油分が多い場合はお湯を使うが、基本は水。
お湯を使えばいいじゃん、という発想はない。
ガス代を節約したいから。
お湯を使った場合のメリットって、汚れが落ちやすいことと自分があったかいこと。
汚れは仕方ないにしても、自分の為に温かなお湯を使う必要はない。なんか嫌だ。自分を甘やかしているみたいで。
節制している、という状況が好きなんだろうな。

とはいえ、大分無意味である。
お湯が使えれば洗い物をする効率も上がるだろうし、手も悴むことはない。ガス代だって、別にそんなに影響ないだろう。
冷たい水で洗い物をし続けていると、悴むを超えて指の関節が攣ったようにイカれてめちゃくちゃ痛くなる。でもお湯を使えば痛くならないらしい。

すごくアホっぽい。

なぜかどうでもいいところを厳格にしてしまう。
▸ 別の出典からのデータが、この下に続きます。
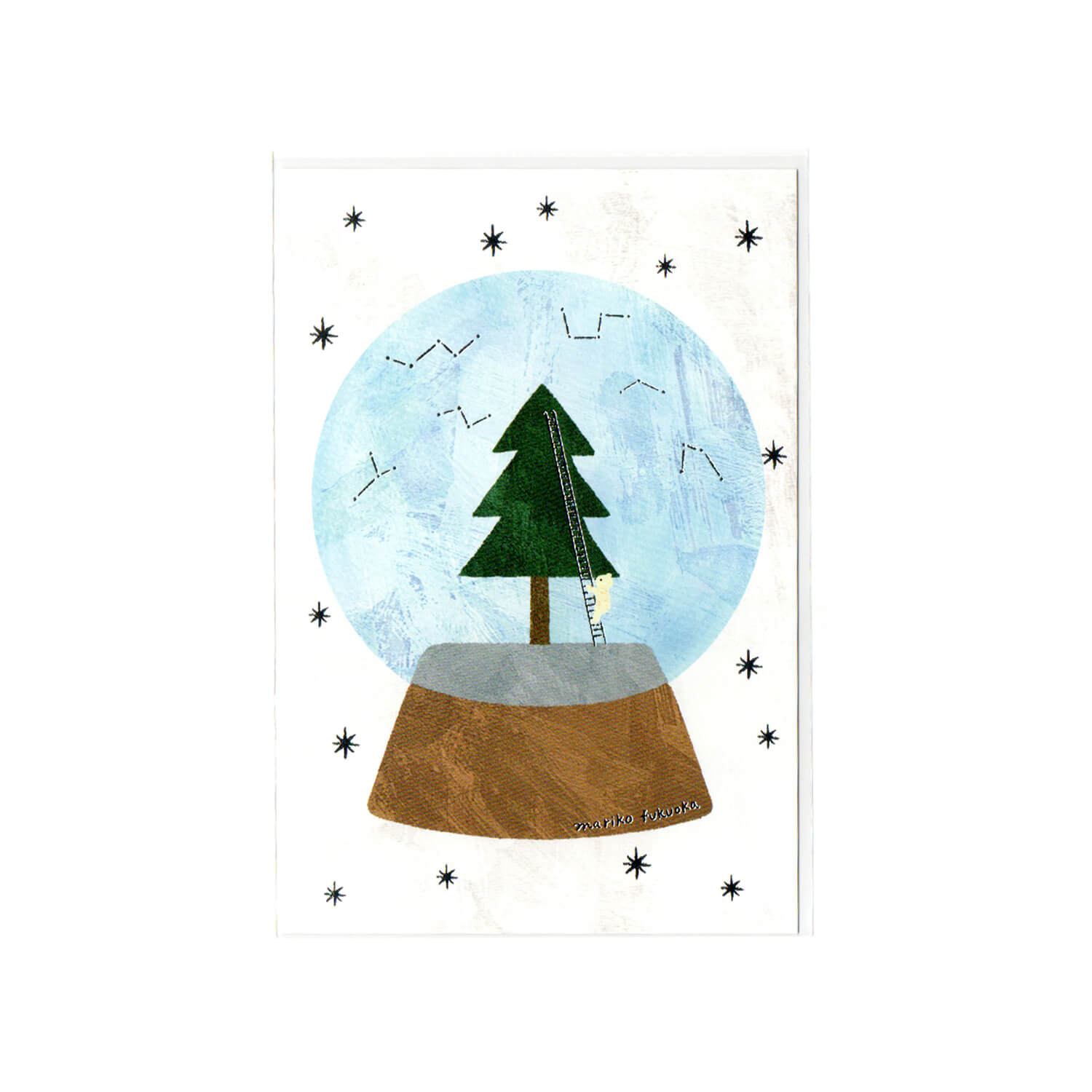 Mariko Fukuoka Foil Postcard – Snow Globe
ちゃんとしなければいけないところは、もうずっとめちゃくちゃになっているのに。
カスなストイック性である。カストイック。

冬は生きるのが難しい。
寒くて動きたくなければ、暖かにすると二酸化炭素がいっぱいで頭がぼんやりする。
4時くらいにはもう青く薄暗くて、電気をつけるかつけないかぐらいの室内は、いつかの実家を想起させて夏以上に滅入る気がする。

冬が嫌いなわけではない。
暑がりだから、寒い方が生活しやすい。
冬のツンと澄んだ空気の香りも好きだ。
冬のベランダで煙草を吸った時の、地元にある雪山のロッジを彷彿とさせる香りも好きだ。
雪虫がいると嬉しいし、雪が降っても嬉しい。
雪かきも楽しいから好きだ。

ただここ数年、冬にかけて気分の落ち込みが最大値を振り切ることが多くて、生きにくい。
今年の下半期は、脳みそがキャパオーバーした。問題が脳に詰め込まれていき、完全に消化できないまま次へ移行する。どうにか耐えていたところに冬がトドメをさした。

失敗からの自己嫌悪が人間不信を呼び、人間不信からの失態がまた自己嫌悪を起こす。
心がうすーい膜を張っている感覚。
このターン知ってる。すごく良くないやつ。

何も許容できなければ、何も発信することができない。何も感じることができない。
それでも、自分の中では消費され続けている。頑張って吐き出してきたはずが、何もない今が絶望させる。頑張りを評価されても、結果がない状態で受け入れられるはずがない。
頑張ってきたことは全部頑張っているフリをしているだけだったという考えに至ってしまう。許せるはずの自分を律して、積み重ねてきたもの頑張ってきたことを自分で無にしている。

これもカスなストイック性と一緒なんだと思う。四六時中、脳みそを動かし続けていることが美徳であるとして、考えなくてもいいところを考えている。

冷たい水で手が引き攣って痛み出す前に
心が完全に折れる前に

お湯を使ってもいいと、適度に自分を甘やかしていきたい。

本当にここ最近は息抜きが下手っぴになっている。手始めにたい焼き巡りツア〜を敢行する。